§ What to do
Leave out the pictures and reproduce all of the data exactly.

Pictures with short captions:
---

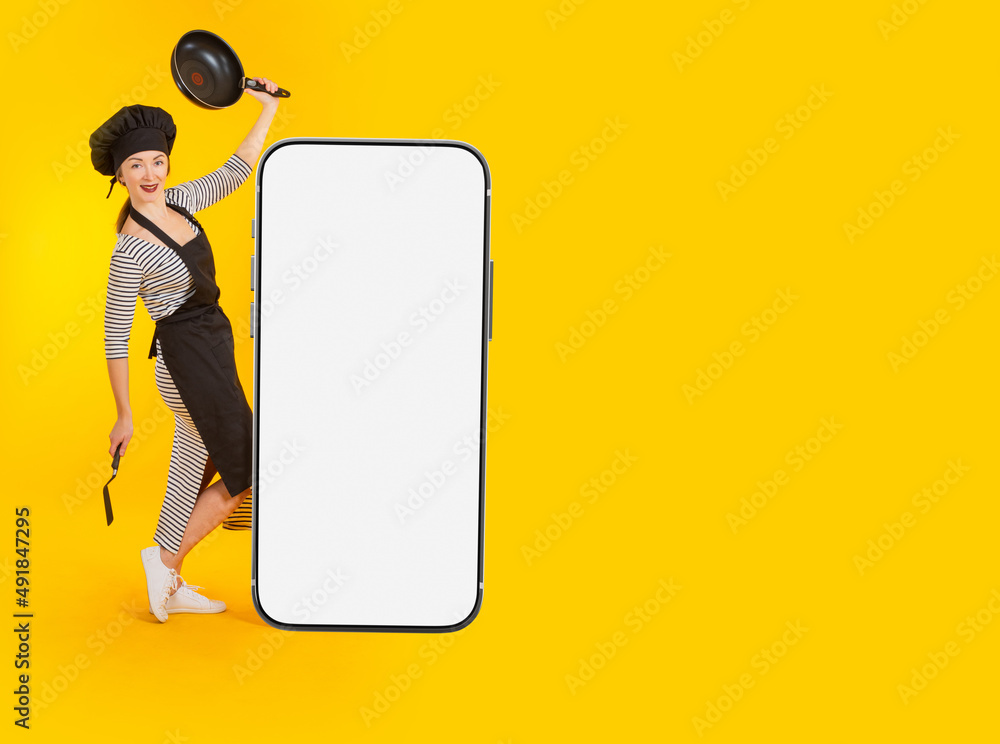 Restaurant mobile app. Cook is dancing near giant phone. Mockup of giant phone on yellow. Template for showcasing restaurant app. Mockup for website design in smartphone. Promotional offer from chef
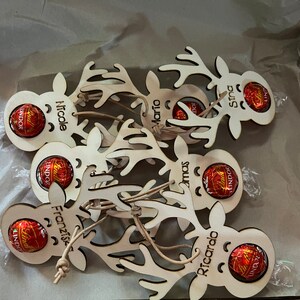 Puede incluir: Adornos de madera con forma de reno, grabados con nombres como Nicole, Mario, Sina, Franziska y Ricardo, cada uno con un chocolate Lindor. Los adornos est&aacute;n atados con cuerda.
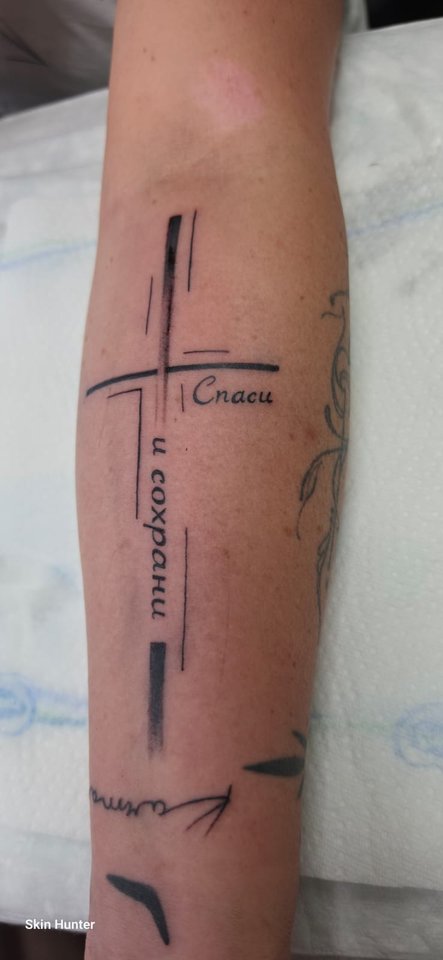 Kreuz aus Linien mit Schriftzügen am Unterarm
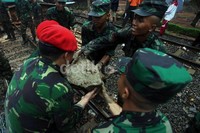 Anggota TNI bahu-membahu mengangkat batu.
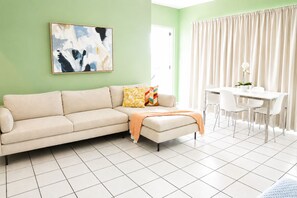 Ein Wohnzimmer mit einer Couch, einem Couchtisch und einem Essbereich mit Stühlen und Tisch.
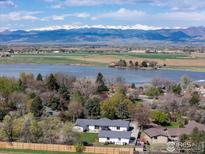 Stunning lakefront property with breathtaking mountain views, lush trees, and a charming home nestled in a serene landscape at 8138 Captains Ln, Longmont, CO 80504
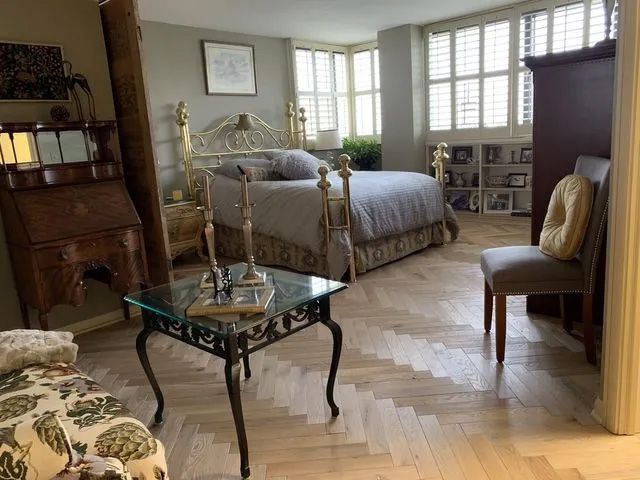 Bedroom suite herringbone hardwood flooring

---

§ The answer
 Restaurant mobile app. Cook is dancing near giant phone. Mockup of giant phone on yellow. Template for showcasing restaurant app. Mockup for website design in smartphone. Promotional offer from chef
 Puede incluir: Adornos de madera con forma de reno, grabados con nombres como Nicole, Mario, Sina, Franziska y Ricardo, cada uno con un chocolate Lindor. Los adornos est&aacute;n atados con cuerda.
 Kreuz aus Linien mit Schriftzügen am Unterarm
 Anggota TNI bahu-membahu mengangkat batu.
 Ein Wohnzimmer mit einer Couch, einem Couchtisch und einem Essbereich mit Stühlen und Tisch.
 Stunning lakefront property with breathtaking mountain views, lush trees, and a charming home nestled in a serene landscape at 8138 Captains Ln, Longmont, CO 80504
 Bedroom suite herringbone hardwood flooring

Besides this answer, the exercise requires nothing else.